## Your instructions
Exact copy, pictures omitted: the line holding "SAC DE WEEK-END" and every line after it down to the end of the entries.
<<<<
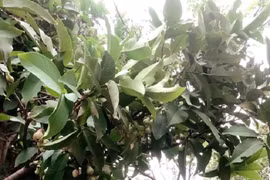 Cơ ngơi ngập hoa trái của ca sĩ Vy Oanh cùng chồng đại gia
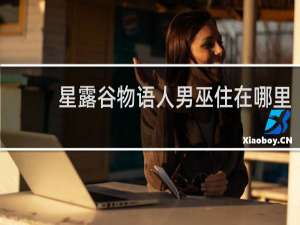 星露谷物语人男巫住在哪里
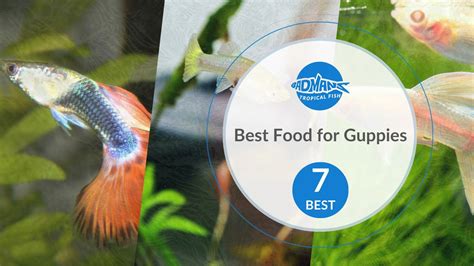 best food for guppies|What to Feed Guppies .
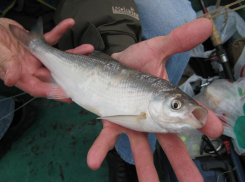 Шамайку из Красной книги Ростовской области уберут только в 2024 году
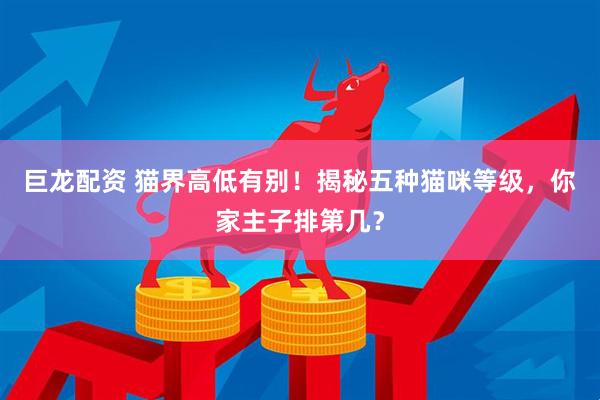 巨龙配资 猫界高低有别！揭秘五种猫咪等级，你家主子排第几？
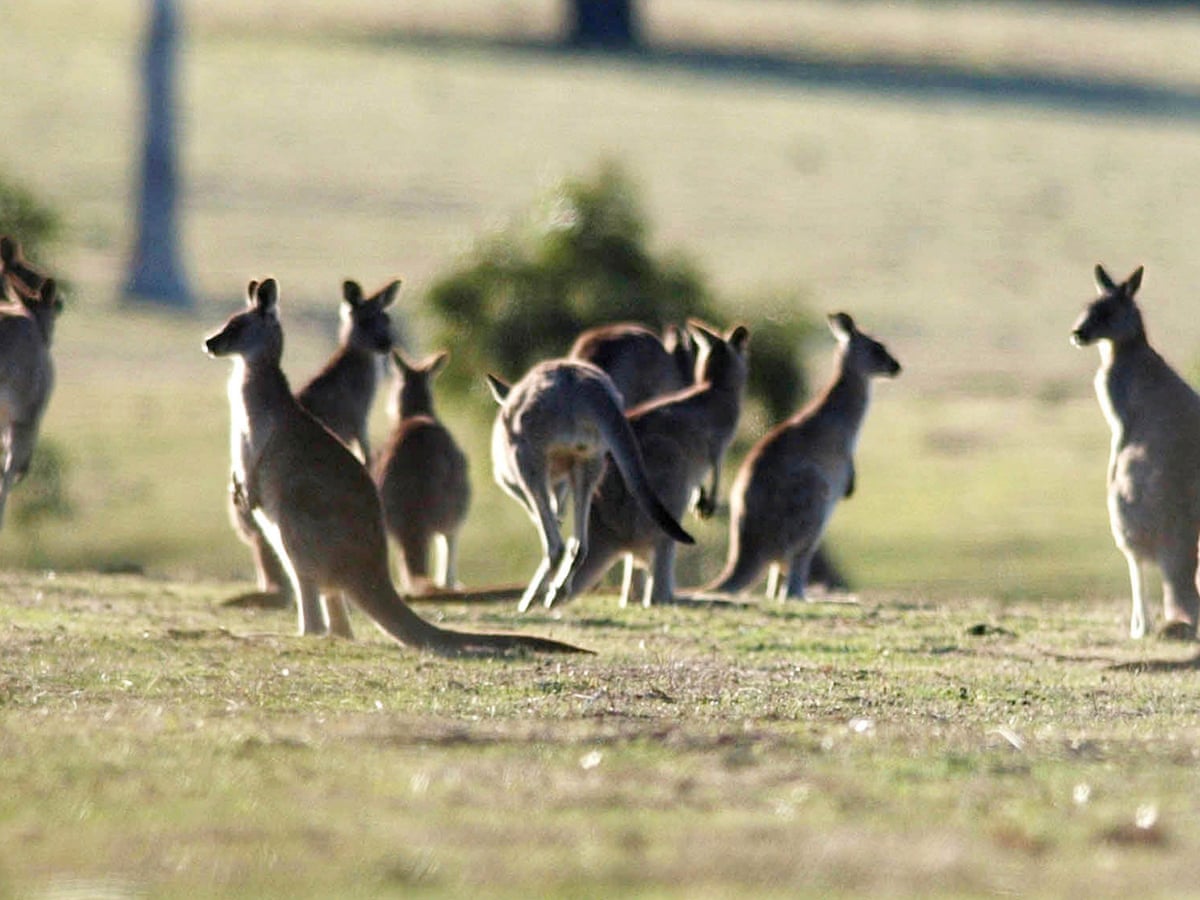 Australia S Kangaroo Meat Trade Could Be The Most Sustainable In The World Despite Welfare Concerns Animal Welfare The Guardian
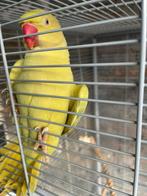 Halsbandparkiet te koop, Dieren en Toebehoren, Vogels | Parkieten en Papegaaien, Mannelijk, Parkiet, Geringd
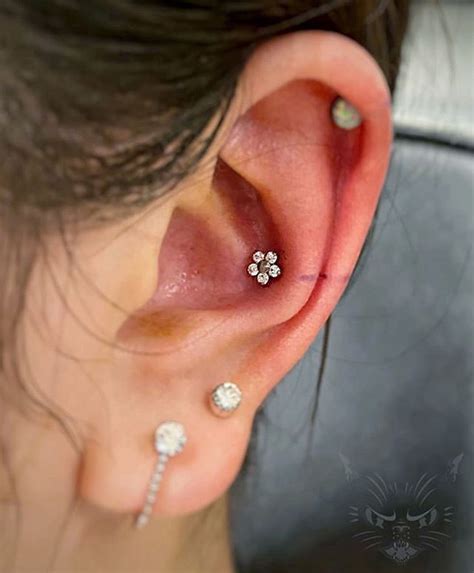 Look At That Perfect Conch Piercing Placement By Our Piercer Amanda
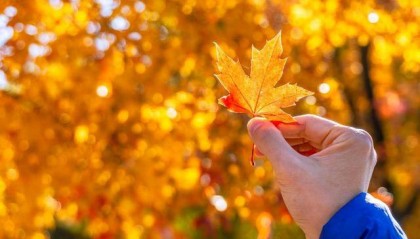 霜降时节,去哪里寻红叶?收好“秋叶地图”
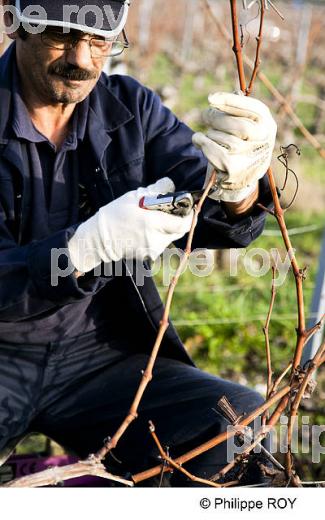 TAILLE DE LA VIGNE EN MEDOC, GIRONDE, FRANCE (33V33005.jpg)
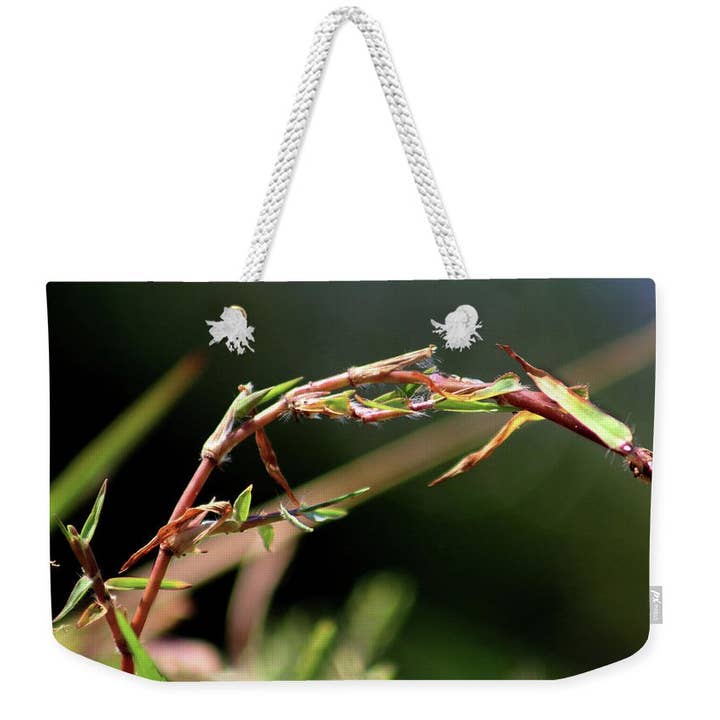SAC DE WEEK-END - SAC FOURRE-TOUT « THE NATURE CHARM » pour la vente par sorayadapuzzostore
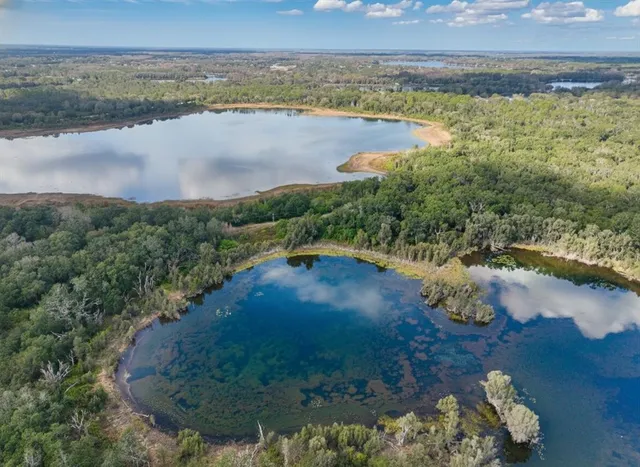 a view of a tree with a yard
>>>>
## Response box
SAC DE WEEK-END - SAC FOURRE-TOUT « THE NATURE CHARM » pour la vente par sorayadapuzzostore
 a view of a tree with a yard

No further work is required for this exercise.